Step 4: Check for recent DNS changes

DNS changes are invisible until they break something.

Ask the client: has anything changed in their DNS recently? New website, new hosting, domain transfer, IT migration, new email tool? Any of these can modify DNS records that affect email delivery.

Also check for changes you didn't authorize. Nameserver changes are an early indicator of domain compromise. If the nameservers changed without anyone knowing why, treat it as a security incident.

Check the domain's TTL and when records were last modified. Some DNS providers show change history. If they don't, compare the current records against a recent screenshot or backup if you have one.


Step 5: Look at engagement history before the campaign

Gmail and other major mailbox providers use engagement signals to determine inbox placement. A domain or IP with a history of low engagement emails that get ignored, deleted without being opened, or marked as spam accumulates a negative reputation that affects future campaigns.

Before blaming the most recent campaign, look at the trend. Has open rate been declining gradually over the past several sends? That suggests a reputation problem building over time, not a sudden infrastructure failure.

If engagement has been declining gradually, the infrastructure checks above may all pass the problem is sending reputation, not configuration. The fix involves list hygiene, re-engagement campaigns, or reducing send volume while reputation recovers.

If the drop was sudden fine last week, broken this week it's almost always an infrastructure or configuration change.


Step 6: Check the receiving domain mix

Not all deliverability problems affect all recipients equally.

If open rate dropped at Gmail but not at Outlook, the problem is likely Gmail-specific reputation signals, Google bulk sender compliance, or a Gmail-specific blacklist.

If it dropped across all mailbox providers simultaneously, the problem is more likely at the sending end blacklist, authentication failure, or a DNS issue.

Your ESP's campaign analytics should break down delivery and engagement by receiving domain.
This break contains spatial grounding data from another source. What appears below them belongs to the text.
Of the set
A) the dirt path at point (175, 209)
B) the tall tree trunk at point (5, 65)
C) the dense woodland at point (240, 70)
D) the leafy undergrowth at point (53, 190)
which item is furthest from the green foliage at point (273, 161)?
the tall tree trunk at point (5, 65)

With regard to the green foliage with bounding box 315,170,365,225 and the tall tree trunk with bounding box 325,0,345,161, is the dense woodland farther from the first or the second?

If it doesn't, pull a sample of the bounce logs and look at which domains are bouncing.


The infrastructure checklist for a failed campaign

When a campaign underperforms, run this in order before touching the creative:

  1. Pull bounce log hard vs soft bounces, SMTP error codes
  2. Blacklist check sending domain and sending IP
  3. SPF validation does it cover the sending ESP?
  4. DKIM validation is the signature present and valid in raw headers?
  5. DMARC check current policy, pct, alignment settings
  6. DNS change check any recent modifications to the domain's records?
  7. Nameserver check are they what you expect?
  8. Engagement trend sudden drop or gradual decline?
  9. Receiving domain breakdown which mailbox providers are affected?
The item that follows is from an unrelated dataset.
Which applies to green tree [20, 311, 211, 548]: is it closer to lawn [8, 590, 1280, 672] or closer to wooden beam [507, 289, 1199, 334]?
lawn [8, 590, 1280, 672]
If you run through this list and everything checks out, then look at the creative, the list, and the send cadence. But in our experience, the infrastructure check finds the problem before you get to step three more often than not.


How to avoid this next time

The reason these problems are hard to diagnose after the fact is that most agencies aren't monitoring before the campaign goes out. By the time the numbers come back bad, the window for easy fixes has closed. The campaign has already run. The deliverability impact has already happened.
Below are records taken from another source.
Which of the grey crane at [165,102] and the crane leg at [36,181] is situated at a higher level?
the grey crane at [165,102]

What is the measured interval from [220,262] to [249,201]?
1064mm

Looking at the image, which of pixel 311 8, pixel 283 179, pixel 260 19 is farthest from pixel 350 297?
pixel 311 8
The agencies that avoid these situations are running continuous monitoring checking authentication, blacklist status, DNS configuration, and SSL every hour across every client domain. When something breaks, they know within minutes, not after the next campaign send.

It's the difference between calling the client to say "we caught a blacklist listing this morning and got it removed before your campaign went out" and calling them to say "we're investigating why the campaign underperformed."

One of those calls builds client trust. The other costs it.